Work instructions:
Once you find the line with "Lancia D24 rood nummer 36 uit 1953 - BRUMM" in the entries below, print it and each line after it up to and including the line with "Bandai - Othello", exactly, without pictures.

Given entries:
>>>
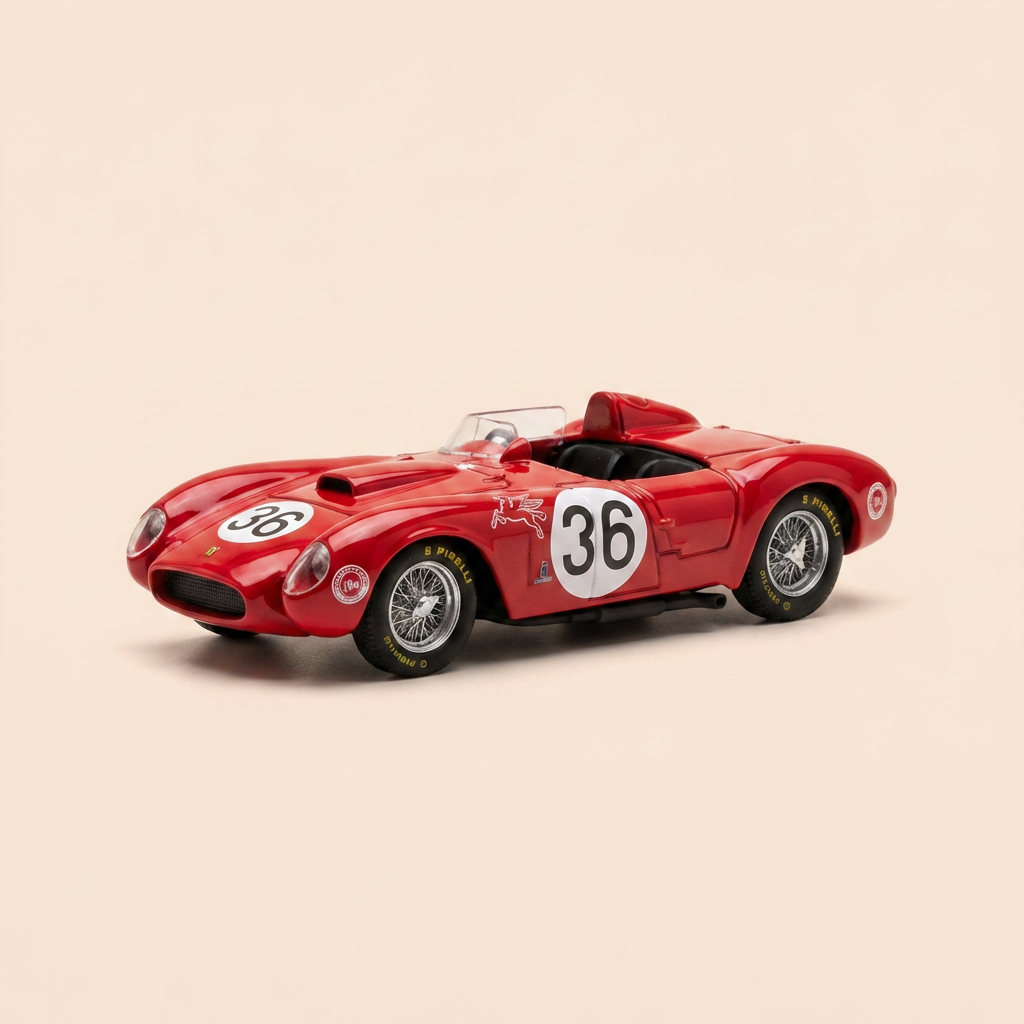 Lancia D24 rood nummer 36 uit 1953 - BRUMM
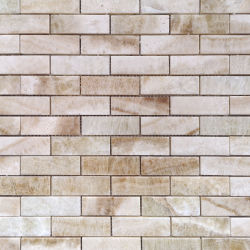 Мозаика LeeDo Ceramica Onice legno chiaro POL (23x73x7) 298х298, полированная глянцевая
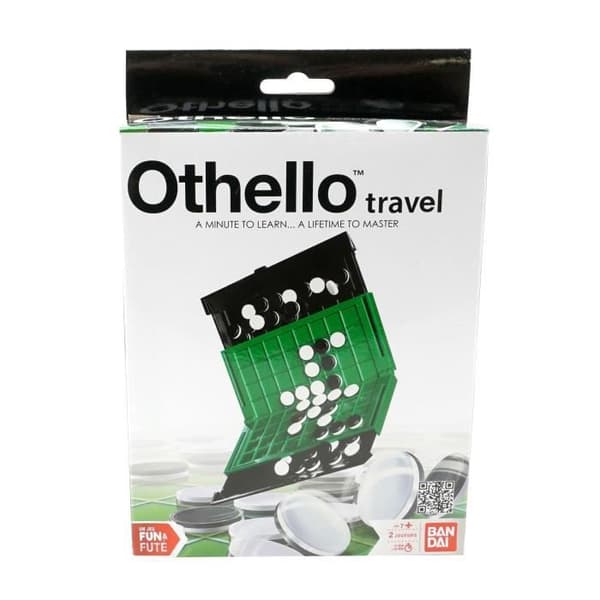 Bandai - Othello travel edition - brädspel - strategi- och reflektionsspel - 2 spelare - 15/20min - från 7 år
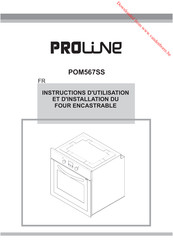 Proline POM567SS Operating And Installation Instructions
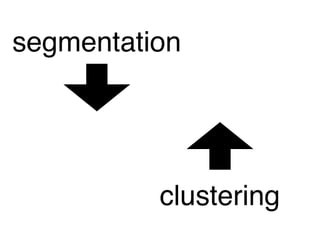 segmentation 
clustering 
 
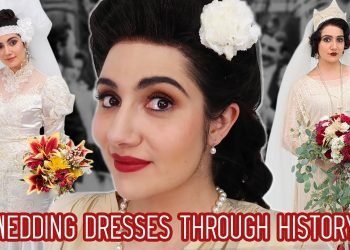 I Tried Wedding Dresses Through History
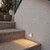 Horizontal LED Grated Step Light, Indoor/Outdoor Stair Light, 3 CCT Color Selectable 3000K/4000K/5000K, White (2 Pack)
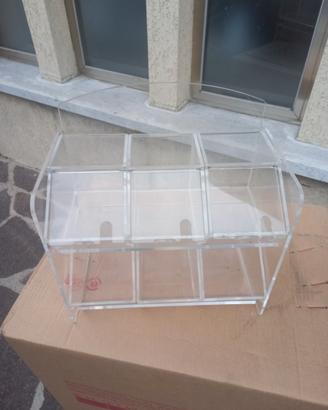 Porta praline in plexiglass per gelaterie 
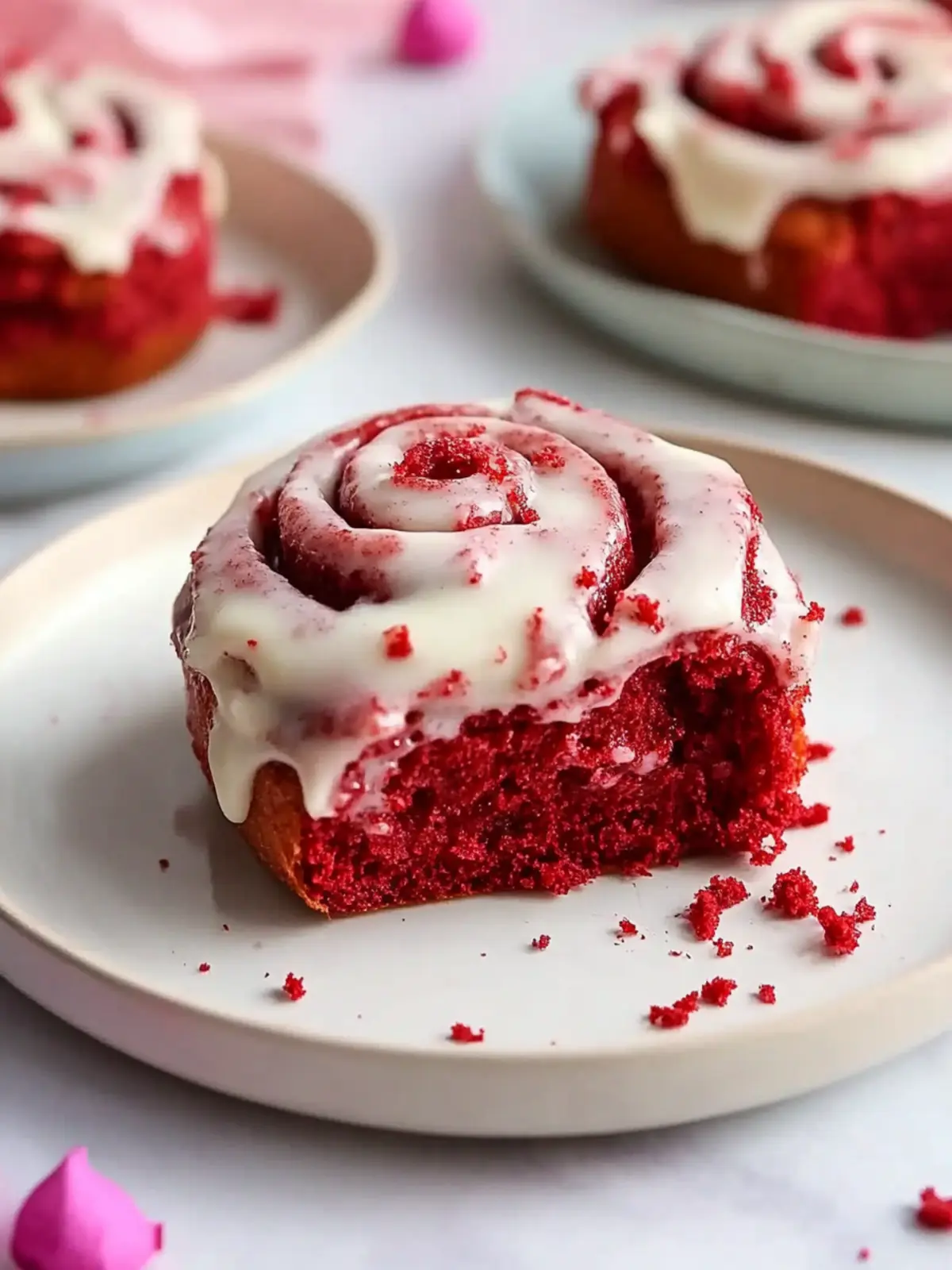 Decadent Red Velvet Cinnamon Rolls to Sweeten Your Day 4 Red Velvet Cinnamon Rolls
<<<
>>>
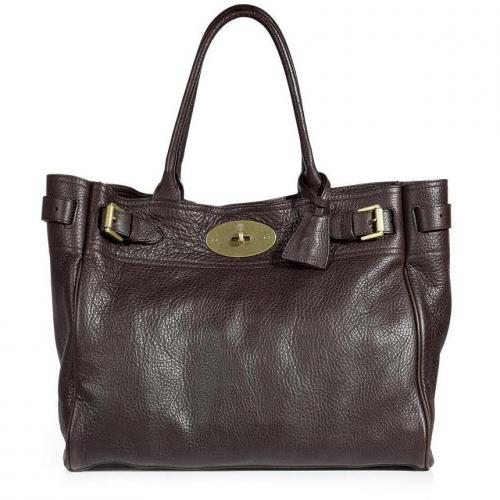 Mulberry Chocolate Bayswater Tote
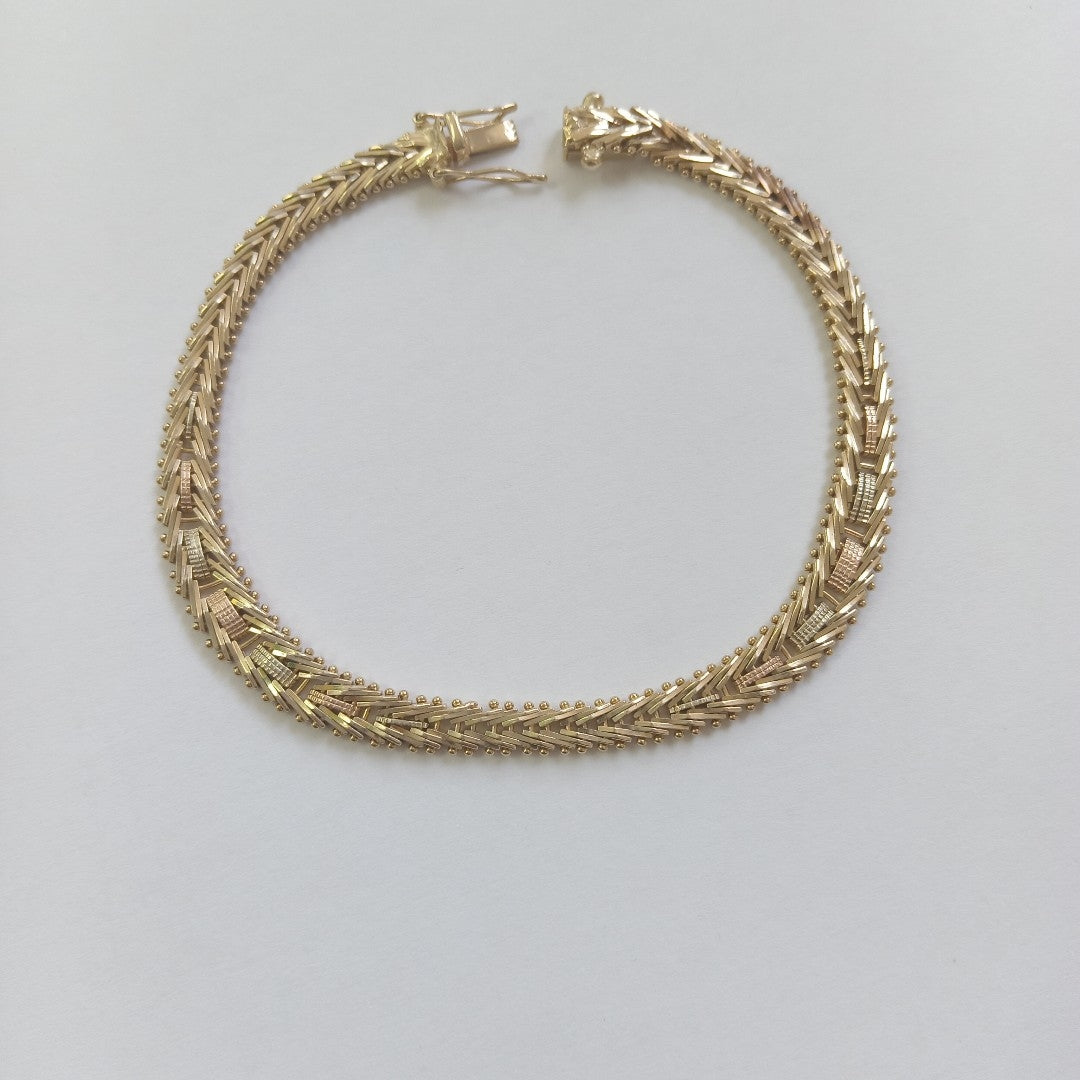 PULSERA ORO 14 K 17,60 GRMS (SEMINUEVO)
<<<
Task result:
 Lancia D24 rood nummer 36 uit 1953 - BRUMM
 Мозаика LeeDo Ceramica Onice legno chiaro POL (23x73x7) 298х298, полированная глянцевая
 Bandai - Othello travel edition - brädspel - strategi- och reflektionsspel - 2 spelare - 15/20min - från 7 år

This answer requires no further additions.